La dimisión del responsable de Organización de Madrid, Emilio Delgado, por diferencias con la dirección regional, detona una crisis por el control de las responsabilidades en la formación que enfrenta a las corrientes más cercanas a Iglesias con las de Errejón.
La dimisión el pasado lunes del número tres de Podemos Madrid, Emilio Delgado, por diferencias con la dirección regional, ha abierto definitivamente la caja de Pandora de los problemas internos en la formación, que ya venía mostrando fisuras desde hace tiempo.
Además de la división que se ha hecho latente entre varias regiones y la cúpula del partido, la crisis ha alcanzado la cota más alta, enfrentando a los sectores más cercanos a Pablo Iglesias con los más afines a Iñigo Errejón, y su diferente visión sobre el control de las distintas responsabilidades en Podemos.
La dimisión de Delgado fue el detonante de este enfrentamiento ya que, el hasta ahora responsable de Organización de Madrid era muy próximo a Errejón mientras que Luis Alegre, líder regional cuyo presunto descuido de sus funciones –hasta estar “desaparecido”- provocó la dimisión de Delgado, es una de las personas de máxima confianza del líder de Podemos.
Errejón evitaba este martes pronunciarse sobre las supuestas diferencias internas en Madrid, y se limitó a expresar su respeto por las decisiones de los órganos internos del partido, en la rueda de prensa en la que comunicó que la dirección no reclamará su acta de diputado en la Asamblea de Madrid a Delgado, como sí reclamaba la corriente del partido próxima a Iglesias.
También expresó su respeto ante la decisión del miembro del llamado sector crítico de Podemos en Cataluña Albano Dante, quien ha manifestado su intención de reconstruir Podemos en esta comunidad, y recordó que también en este caso la decisión de quién se pone al frente del partido será de los inscritos en la formación.

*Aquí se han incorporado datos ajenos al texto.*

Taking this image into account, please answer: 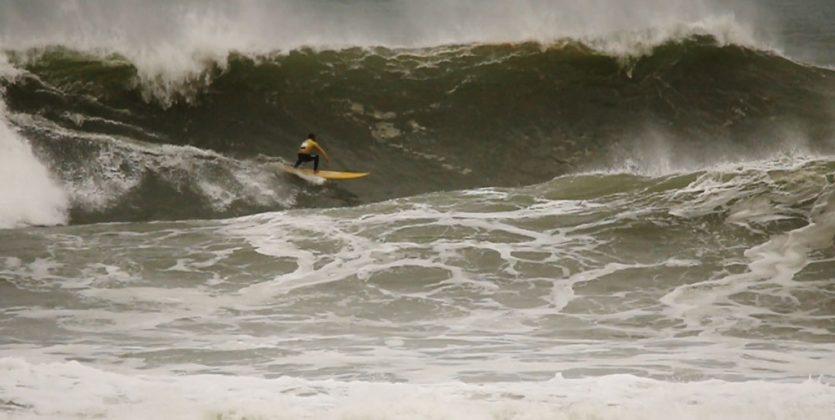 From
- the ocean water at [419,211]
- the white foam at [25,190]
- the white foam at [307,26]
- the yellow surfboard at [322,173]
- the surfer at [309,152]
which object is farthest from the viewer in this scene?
Answer: the white foam at [307,26]

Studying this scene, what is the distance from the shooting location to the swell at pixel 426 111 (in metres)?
16.9

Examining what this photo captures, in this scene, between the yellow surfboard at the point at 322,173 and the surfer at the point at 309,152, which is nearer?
the yellow surfboard at the point at 322,173

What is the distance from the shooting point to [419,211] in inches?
583

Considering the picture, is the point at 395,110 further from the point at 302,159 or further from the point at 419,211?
the point at 419,211

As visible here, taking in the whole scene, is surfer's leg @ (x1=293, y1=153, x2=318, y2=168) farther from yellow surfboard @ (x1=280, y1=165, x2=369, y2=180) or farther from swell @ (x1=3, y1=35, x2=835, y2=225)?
swell @ (x1=3, y1=35, x2=835, y2=225)

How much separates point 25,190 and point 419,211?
481 centimetres

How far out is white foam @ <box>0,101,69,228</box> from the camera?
14781mm

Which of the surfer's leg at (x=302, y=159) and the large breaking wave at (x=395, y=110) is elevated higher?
the large breaking wave at (x=395, y=110)

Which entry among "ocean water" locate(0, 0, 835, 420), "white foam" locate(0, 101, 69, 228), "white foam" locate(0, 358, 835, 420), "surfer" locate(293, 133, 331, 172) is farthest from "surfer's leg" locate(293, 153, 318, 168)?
"white foam" locate(0, 358, 835, 420)

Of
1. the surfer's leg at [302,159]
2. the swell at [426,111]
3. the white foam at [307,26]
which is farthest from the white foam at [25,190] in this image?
the surfer's leg at [302,159]

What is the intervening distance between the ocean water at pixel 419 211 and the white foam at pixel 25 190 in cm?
5

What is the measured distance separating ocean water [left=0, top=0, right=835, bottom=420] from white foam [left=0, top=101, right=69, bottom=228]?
5 centimetres

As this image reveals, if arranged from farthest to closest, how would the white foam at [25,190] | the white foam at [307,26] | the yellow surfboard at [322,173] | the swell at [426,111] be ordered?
the white foam at [307,26] < the swell at [426,111] < the yellow surfboard at [322,173] < the white foam at [25,190]

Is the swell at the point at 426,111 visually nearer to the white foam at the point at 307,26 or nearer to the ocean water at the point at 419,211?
the ocean water at the point at 419,211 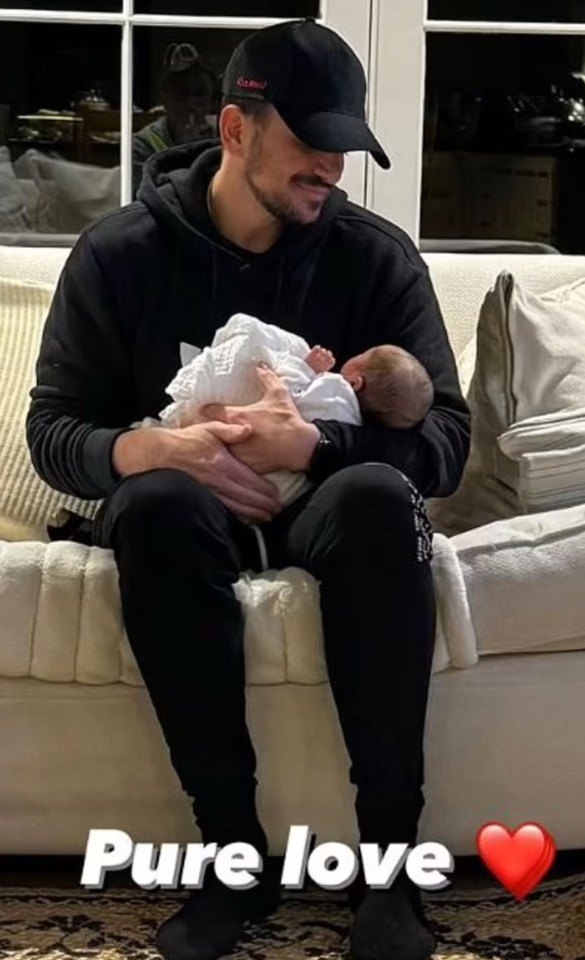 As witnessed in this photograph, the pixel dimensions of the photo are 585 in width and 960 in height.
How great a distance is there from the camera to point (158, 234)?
6.84 ft

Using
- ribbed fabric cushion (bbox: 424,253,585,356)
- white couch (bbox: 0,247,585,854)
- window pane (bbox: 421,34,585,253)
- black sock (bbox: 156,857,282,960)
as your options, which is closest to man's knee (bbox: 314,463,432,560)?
white couch (bbox: 0,247,585,854)

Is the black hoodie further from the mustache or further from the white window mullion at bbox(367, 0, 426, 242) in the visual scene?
the white window mullion at bbox(367, 0, 426, 242)

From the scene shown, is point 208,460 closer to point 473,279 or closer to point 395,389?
point 395,389

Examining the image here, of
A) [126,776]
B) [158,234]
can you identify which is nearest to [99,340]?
[158,234]

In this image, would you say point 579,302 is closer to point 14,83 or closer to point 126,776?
point 126,776

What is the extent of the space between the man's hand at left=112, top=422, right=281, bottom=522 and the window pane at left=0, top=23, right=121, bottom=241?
4.31 ft

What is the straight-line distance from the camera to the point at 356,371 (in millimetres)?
1966

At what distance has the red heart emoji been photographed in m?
1.83

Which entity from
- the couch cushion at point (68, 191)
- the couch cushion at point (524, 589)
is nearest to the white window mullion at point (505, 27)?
the couch cushion at point (68, 191)

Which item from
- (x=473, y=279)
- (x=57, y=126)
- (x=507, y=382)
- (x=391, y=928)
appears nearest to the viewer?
(x=391, y=928)

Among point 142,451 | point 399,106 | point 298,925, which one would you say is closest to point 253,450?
point 142,451

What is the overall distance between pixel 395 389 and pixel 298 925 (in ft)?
2.28

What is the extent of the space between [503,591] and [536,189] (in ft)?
5.07

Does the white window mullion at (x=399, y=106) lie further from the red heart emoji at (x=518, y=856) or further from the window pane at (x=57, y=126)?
the red heart emoji at (x=518, y=856) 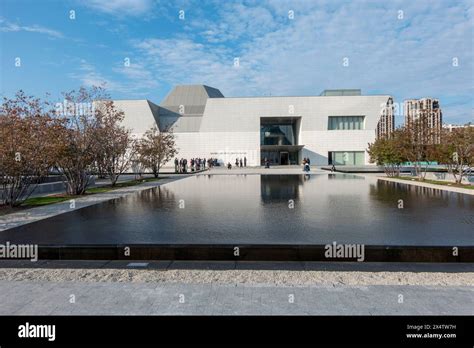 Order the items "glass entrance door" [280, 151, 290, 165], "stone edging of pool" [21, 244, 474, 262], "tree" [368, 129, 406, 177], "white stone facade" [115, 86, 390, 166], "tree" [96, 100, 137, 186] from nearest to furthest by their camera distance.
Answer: "stone edging of pool" [21, 244, 474, 262], "tree" [96, 100, 137, 186], "tree" [368, 129, 406, 177], "white stone facade" [115, 86, 390, 166], "glass entrance door" [280, 151, 290, 165]

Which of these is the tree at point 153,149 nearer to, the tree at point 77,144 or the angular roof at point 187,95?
the tree at point 77,144

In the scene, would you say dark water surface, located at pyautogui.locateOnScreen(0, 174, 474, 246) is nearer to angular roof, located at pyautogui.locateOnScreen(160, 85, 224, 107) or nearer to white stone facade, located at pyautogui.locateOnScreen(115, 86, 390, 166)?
white stone facade, located at pyautogui.locateOnScreen(115, 86, 390, 166)

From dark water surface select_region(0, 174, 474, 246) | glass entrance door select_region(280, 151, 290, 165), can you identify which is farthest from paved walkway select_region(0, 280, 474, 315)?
glass entrance door select_region(280, 151, 290, 165)

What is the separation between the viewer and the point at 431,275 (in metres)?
4.71

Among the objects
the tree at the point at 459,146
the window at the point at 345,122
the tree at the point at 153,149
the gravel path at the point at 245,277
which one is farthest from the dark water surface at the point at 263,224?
the window at the point at 345,122

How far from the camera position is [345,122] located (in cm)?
5562

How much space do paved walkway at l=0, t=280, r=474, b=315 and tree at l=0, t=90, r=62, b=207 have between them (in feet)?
28.9

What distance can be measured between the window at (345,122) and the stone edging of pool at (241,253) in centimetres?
5292

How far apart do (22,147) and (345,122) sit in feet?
173

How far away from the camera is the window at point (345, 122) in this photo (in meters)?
55.3

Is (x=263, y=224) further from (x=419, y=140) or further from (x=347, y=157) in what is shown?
Answer: (x=347, y=157)

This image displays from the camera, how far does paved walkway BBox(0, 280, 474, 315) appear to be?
353 cm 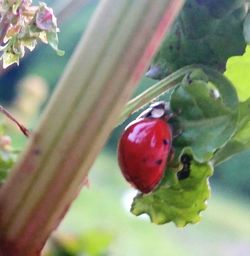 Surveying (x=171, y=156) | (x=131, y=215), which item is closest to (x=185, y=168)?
(x=171, y=156)

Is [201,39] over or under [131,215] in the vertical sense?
over

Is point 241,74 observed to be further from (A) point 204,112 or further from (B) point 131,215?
(B) point 131,215

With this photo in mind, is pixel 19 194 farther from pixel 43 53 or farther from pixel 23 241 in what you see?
pixel 43 53

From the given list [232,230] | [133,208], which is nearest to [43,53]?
[232,230]

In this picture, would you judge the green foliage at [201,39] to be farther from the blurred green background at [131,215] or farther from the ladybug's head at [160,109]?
the blurred green background at [131,215]

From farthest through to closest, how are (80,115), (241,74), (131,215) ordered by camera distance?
(131,215) → (241,74) → (80,115)

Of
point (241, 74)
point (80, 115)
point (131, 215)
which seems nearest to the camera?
point (80, 115)

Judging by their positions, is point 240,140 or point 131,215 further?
point 131,215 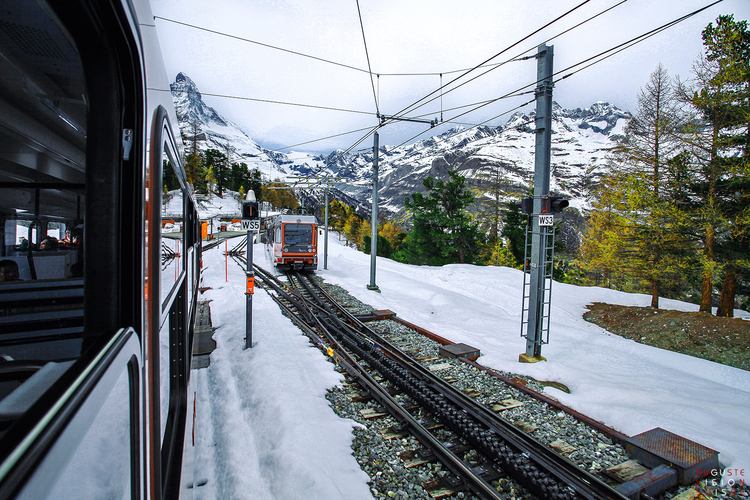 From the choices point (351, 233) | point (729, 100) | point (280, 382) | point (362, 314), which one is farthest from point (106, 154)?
point (351, 233)

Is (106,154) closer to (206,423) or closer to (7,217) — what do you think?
(7,217)

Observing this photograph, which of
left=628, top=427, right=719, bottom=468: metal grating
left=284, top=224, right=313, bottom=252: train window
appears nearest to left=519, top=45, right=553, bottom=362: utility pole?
left=628, top=427, right=719, bottom=468: metal grating

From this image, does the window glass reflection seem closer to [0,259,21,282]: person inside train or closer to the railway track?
[0,259,21,282]: person inside train

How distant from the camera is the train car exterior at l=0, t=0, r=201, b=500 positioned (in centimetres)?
73

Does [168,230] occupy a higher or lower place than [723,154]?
lower

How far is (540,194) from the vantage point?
25.0ft

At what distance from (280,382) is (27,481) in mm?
5622

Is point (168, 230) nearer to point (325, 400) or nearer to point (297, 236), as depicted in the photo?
Result: point (325, 400)

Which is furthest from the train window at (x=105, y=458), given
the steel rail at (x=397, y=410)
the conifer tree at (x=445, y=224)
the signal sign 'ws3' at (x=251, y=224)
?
the conifer tree at (x=445, y=224)

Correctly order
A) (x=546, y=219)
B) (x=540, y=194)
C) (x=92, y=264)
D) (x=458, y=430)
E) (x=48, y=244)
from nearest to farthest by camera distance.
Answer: (x=92, y=264) < (x=48, y=244) < (x=458, y=430) < (x=546, y=219) < (x=540, y=194)

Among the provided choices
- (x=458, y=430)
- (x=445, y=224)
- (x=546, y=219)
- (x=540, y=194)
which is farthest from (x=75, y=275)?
(x=445, y=224)

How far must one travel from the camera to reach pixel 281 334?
845 centimetres

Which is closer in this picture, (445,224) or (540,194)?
(540,194)

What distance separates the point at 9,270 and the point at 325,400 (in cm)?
395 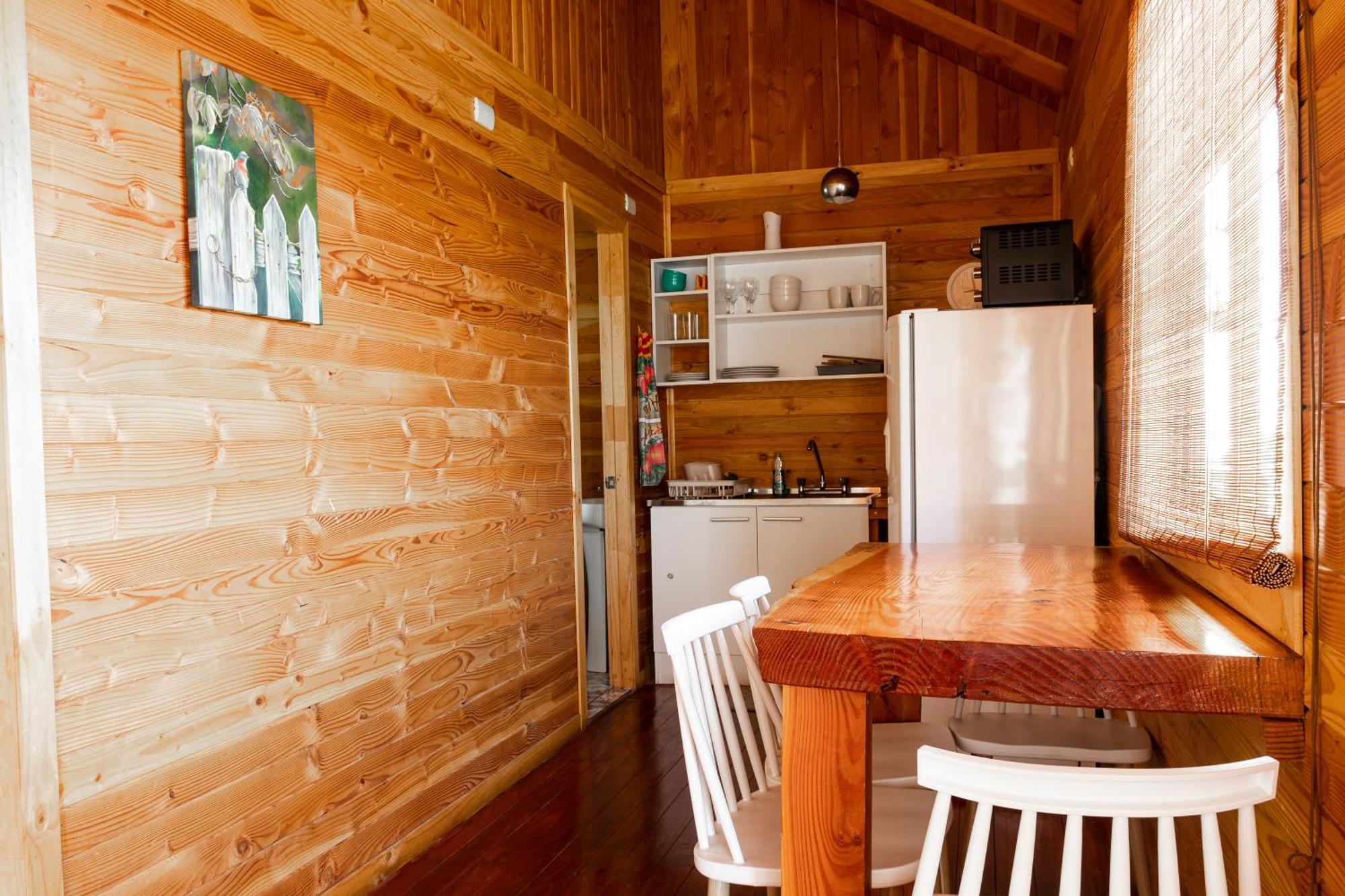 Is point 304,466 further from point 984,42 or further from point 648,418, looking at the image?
point 984,42

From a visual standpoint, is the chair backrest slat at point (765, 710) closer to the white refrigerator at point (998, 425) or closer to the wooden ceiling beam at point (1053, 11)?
the white refrigerator at point (998, 425)

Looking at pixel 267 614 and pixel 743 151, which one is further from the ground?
pixel 743 151

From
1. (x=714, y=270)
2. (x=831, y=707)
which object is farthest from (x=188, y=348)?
(x=714, y=270)

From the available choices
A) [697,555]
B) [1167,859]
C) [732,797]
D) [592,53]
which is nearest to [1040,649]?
[1167,859]

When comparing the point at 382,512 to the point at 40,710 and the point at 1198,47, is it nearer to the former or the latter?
the point at 40,710

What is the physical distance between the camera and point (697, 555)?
4.64 metres

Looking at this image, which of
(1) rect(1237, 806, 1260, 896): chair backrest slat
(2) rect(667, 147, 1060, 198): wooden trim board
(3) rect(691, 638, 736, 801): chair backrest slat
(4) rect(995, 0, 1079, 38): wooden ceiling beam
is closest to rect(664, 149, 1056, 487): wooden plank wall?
(2) rect(667, 147, 1060, 198): wooden trim board

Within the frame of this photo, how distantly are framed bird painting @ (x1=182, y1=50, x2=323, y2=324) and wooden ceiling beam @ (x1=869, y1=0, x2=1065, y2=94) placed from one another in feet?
9.91

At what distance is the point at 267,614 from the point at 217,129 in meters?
1.09

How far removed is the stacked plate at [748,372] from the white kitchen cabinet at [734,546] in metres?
0.75

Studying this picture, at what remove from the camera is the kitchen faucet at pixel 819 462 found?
4992 mm

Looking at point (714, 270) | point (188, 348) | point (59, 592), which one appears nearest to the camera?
point (59, 592)

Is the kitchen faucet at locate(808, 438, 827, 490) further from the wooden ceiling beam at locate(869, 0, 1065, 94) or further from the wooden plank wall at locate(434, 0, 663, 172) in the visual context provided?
the wooden ceiling beam at locate(869, 0, 1065, 94)

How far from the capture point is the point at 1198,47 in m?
1.71
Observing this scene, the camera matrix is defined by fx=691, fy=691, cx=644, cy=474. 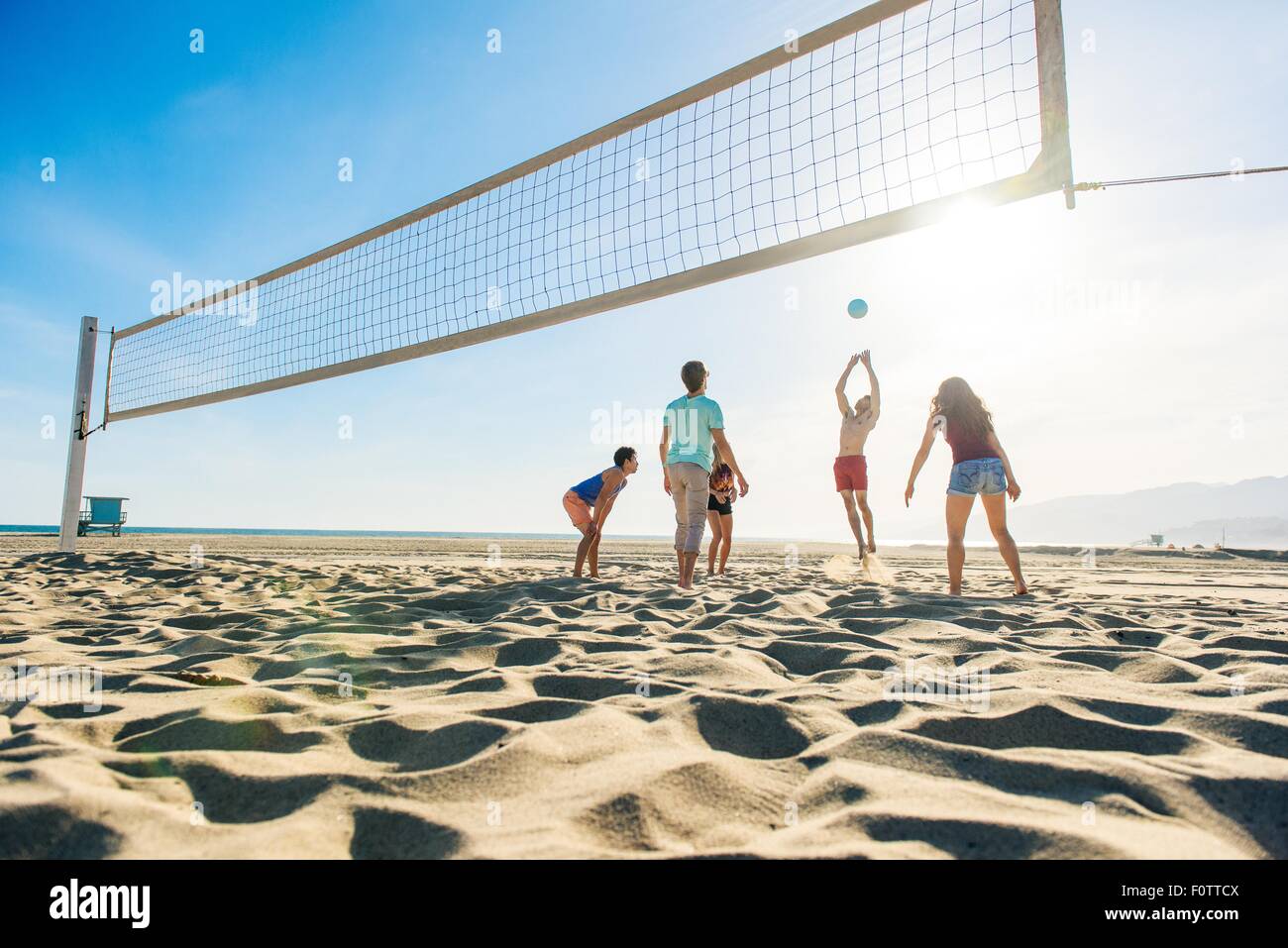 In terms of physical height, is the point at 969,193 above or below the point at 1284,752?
above

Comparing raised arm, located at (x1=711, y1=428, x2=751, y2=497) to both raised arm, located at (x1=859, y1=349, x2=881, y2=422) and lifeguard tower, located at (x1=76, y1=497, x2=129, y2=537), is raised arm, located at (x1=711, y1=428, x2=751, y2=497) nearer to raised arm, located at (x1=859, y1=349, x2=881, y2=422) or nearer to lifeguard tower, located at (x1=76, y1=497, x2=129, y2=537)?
raised arm, located at (x1=859, y1=349, x2=881, y2=422)

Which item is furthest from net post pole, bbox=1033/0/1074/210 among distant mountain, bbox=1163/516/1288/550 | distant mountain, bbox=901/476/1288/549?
distant mountain, bbox=901/476/1288/549

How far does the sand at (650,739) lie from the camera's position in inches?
43.7

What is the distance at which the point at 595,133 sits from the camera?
17.1 ft

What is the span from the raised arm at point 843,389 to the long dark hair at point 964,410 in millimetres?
1826

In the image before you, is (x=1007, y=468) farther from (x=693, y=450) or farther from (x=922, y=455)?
(x=693, y=450)

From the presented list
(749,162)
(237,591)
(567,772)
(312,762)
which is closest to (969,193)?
(749,162)

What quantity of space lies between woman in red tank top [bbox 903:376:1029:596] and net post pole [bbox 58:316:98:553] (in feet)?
29.5

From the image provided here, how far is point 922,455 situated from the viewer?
14.7 ft

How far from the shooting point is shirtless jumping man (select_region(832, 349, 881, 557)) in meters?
6.58

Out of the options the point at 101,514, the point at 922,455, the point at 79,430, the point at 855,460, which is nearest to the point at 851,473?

De esta forma, Errejón evitó pronunciarse sobre posibles disensiones internas y salió al paso también de los "rumores" que apuntaban a diferencias en el partido a cuenta de su posición en el debate de investidura."No hay la menor diferencia", sentenció Errejón al respecto.
Se espera que a la dimisión de Delgado puedan seguir otras en la dirección madrileña con el fin de provocar la salida de Alegre que, no obstante, está dentro de la corriente más fortalecida y tiene más probabilidades de mantener su liderazgo que ser ‘derrocado’.
Tras la pugna por el poder regional, tanto en Madrid como en otras zonas, hay otro debate de fondo en el que también están enfrentadas las dos corrientes: la disputa ideológica sobre cómo relacionarse con el Partido Socialista. En un lado están quienes consideran que hay que mantenerse en el ‘no’ a Sánchez salvo conseguir todas las exigencias de Podemos, asegurando así su fortaleza y supervivencia sin ser ‘absorbidos’ por los socialistas. En el otro lado, los que abogan por acelerar el proceso de entrar en el Gobierno aunque no sea bajo el paraguas de haber conseguido imponer todas las cuestiones planteadas por la formación para este fin.